15. Compte tenu de la courte durée de présence de M. D sur le territoire français, où il n'indique n'avoir été que de passage, de son absence d'attaches particulières en France, et eu égard au fait que sa présence ne constitue pas une menace pour l'ordre public et en l'absence de précédente mesure d'éloignement, le préfet du Nord n'a pas commis d'erreur d'appréciation en fixant à une année la durée de l'interdiction faite au requérant de retourner sur le territoire français. Par suite, ce moyen doit être écarté.

16. En second lieu, compte tenu de la situation de M. D telle qu'énoncée au point 7, le moyen tiré de l'erreur manifeste d'appréciation doit être écarté.

17. Il résulte de tout ce qui précède que M. D n'est pas fondé à demander l'annulation de l'arrêté du 7 décembre 2023 par lequel le préfet du Nord lui a fait obligation de quitter le territoire français sans délai, a fixé le pays de destination de la mesure d'éloignement et lui a fait interdiction de retour sur le territoire français pour une durée d'un an. Il y a lieu, par voie de conséquence, de rejeter ses conclusions à fin d'injonction ainsi que celles relatives aux frais de l'instance.

DÉCIDE :

Article 1er : La requête de M. D est rejetée.

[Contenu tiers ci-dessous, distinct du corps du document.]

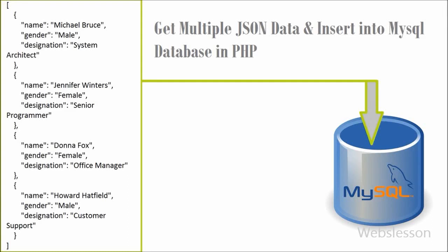Hello friends, today I'll show you how to get JSON data from a file and insert it into a MySQL table. If you have lots of data in JSON format, I have made a simple PHP script that gets data from a JSON file and then inserts it into a database table.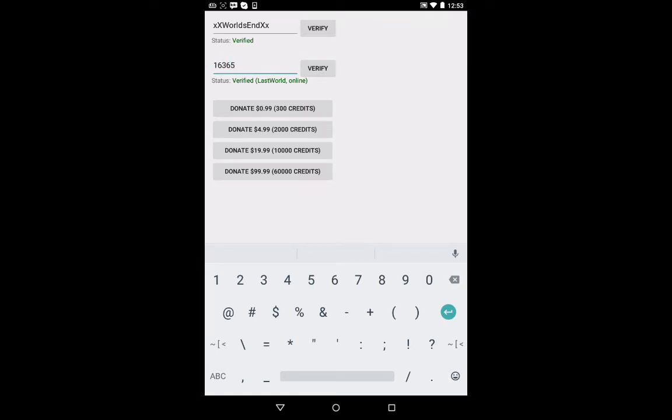So you have to verify for both of these. And then you choose which one you want to donate to. Choose 99 cents, $5, $20, $100. It's if you really want to go full blown on it.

Article 2 : Le présent jugement sera notifié à M. C D et au préfet du Nord.

Lu en audience publique le 15 décembre 2023.

La magistrate désignée,

Signé,

F. BONHOMMELa greffière,

Signé,

F. JANET

La République mande et ordonne au préfet du Nord en ce qui le concerne ou à tous commissaires de justice à ce requis en ce qui concerne les voies de droit commun contre les parties privées, de pourvoir à l'exécution du présent jugement.